*Task objective*. Your copy of the data should leave out the images and match everything else exactly.

*Extracted material*.
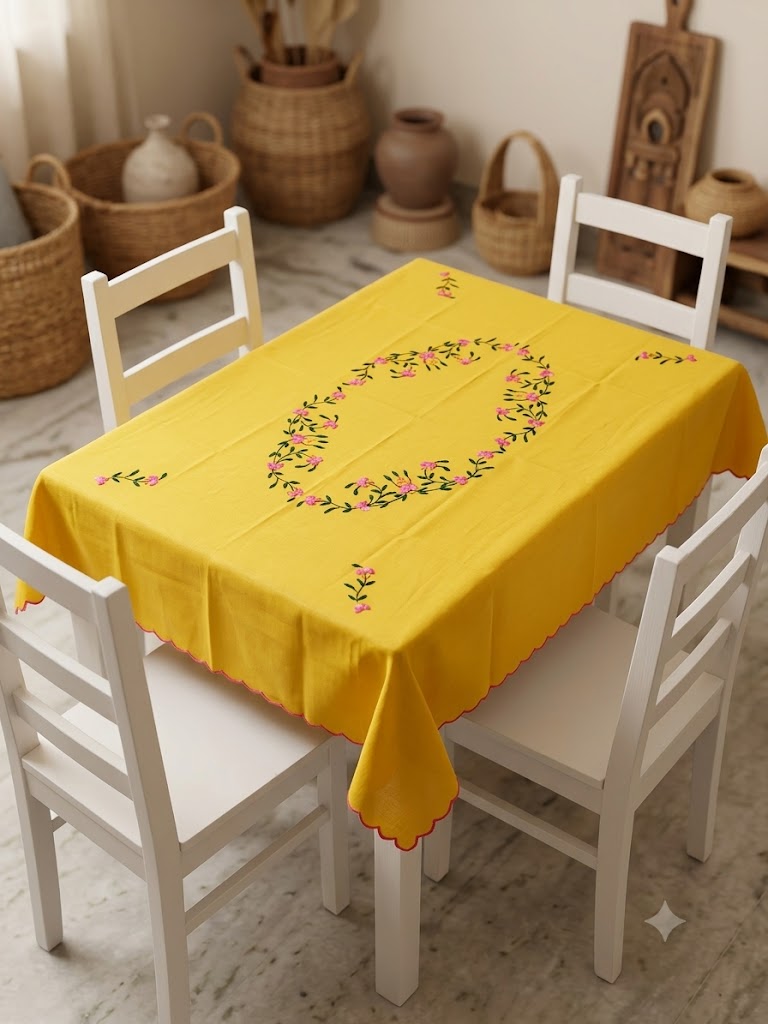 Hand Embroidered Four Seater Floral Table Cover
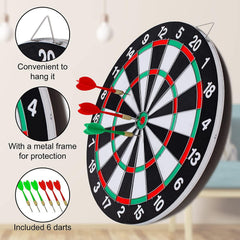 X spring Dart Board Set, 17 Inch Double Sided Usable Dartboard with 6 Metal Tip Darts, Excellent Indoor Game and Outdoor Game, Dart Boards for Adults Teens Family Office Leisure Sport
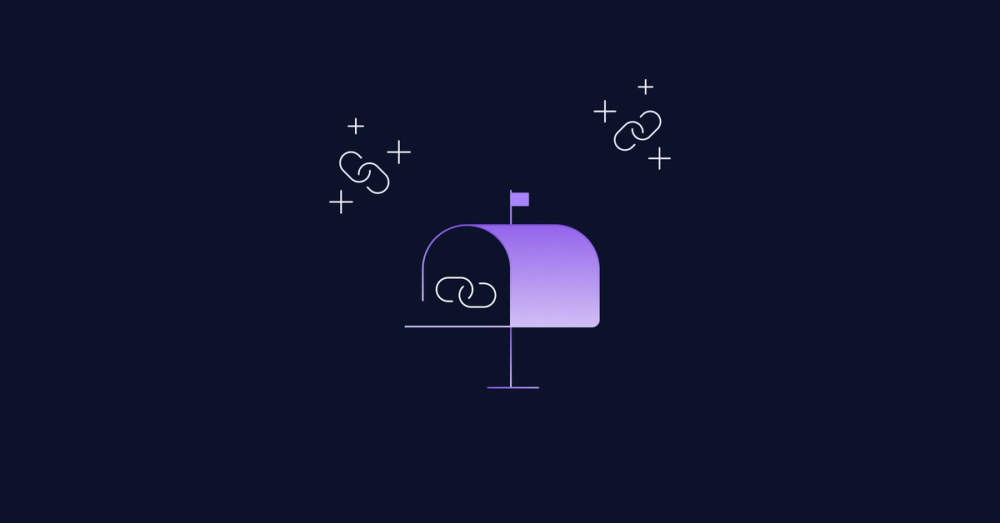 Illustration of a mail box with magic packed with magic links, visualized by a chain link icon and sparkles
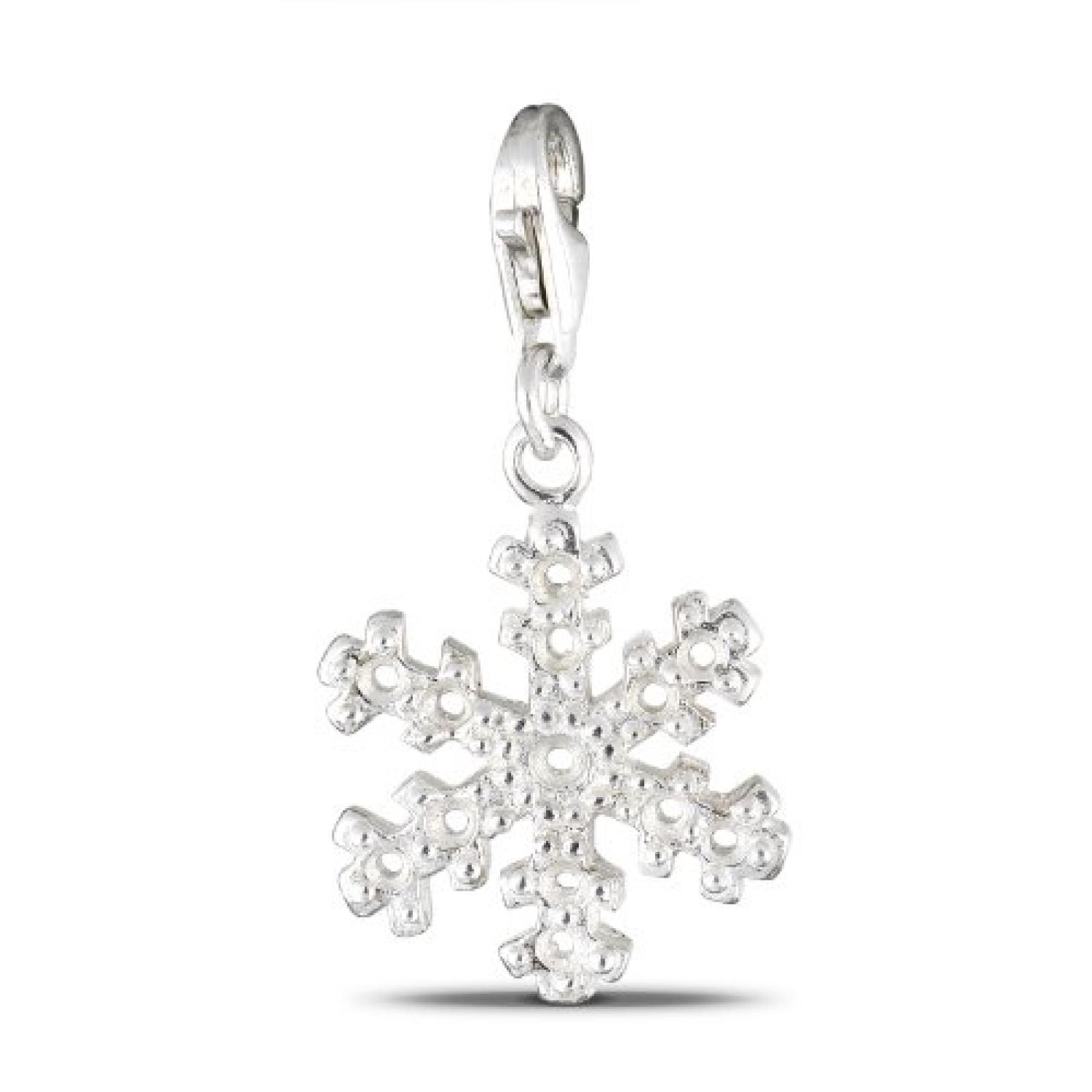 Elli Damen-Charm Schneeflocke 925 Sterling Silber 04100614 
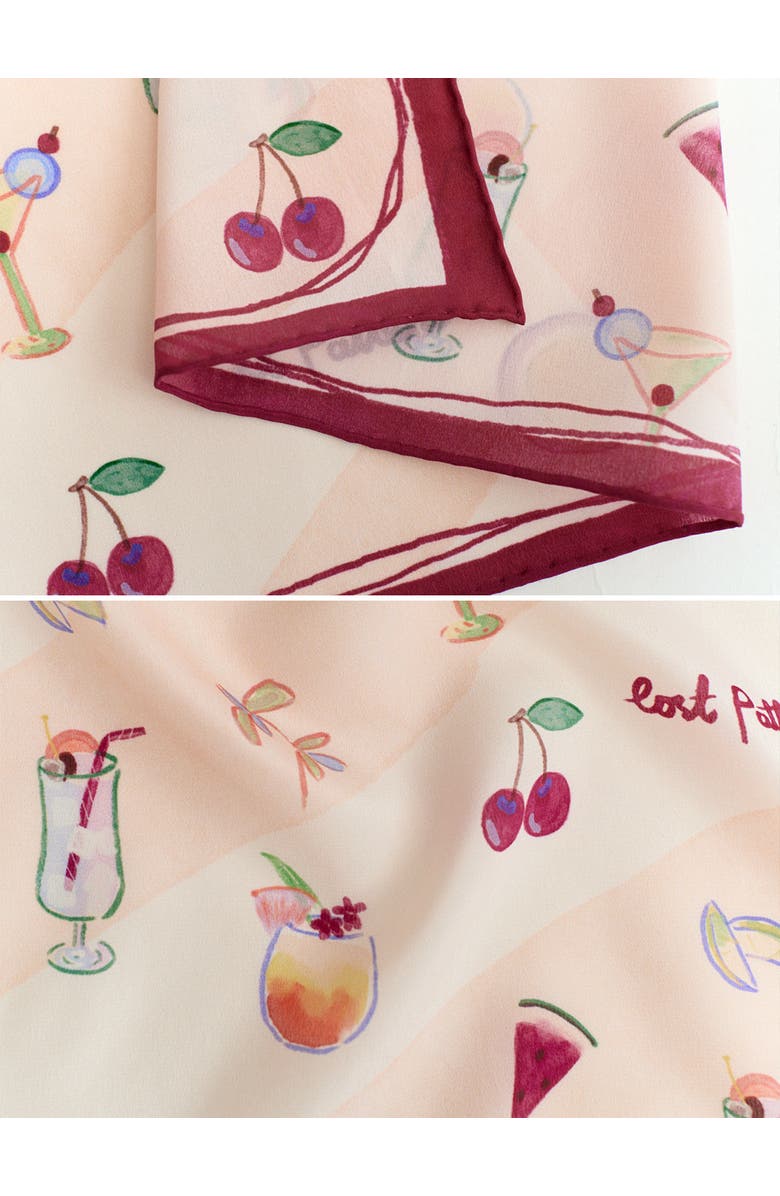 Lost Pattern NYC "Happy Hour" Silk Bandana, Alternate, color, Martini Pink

*Solution for this problem*.
 Hand Embroidered Four Seater Floral Table Cover
 X spring Dart Board Set, 17 Inch Double Sided Usable Dartboard with 6 Metal Tip Darts, Excellent Indoor Game and Outdoor Game, Dart Boards for Adults Teens Family Office Leisure Sport
 Illustration of a mail box with magic packed with magic links, visualized by a chain link icon and sparkles
 Elli Damen-Charm Schneeflocke 925 Sterling Silber 04100614 
 Lost Pattern NYC "Happy Hour" Silk Bandana, Alternate, color, Martini Pink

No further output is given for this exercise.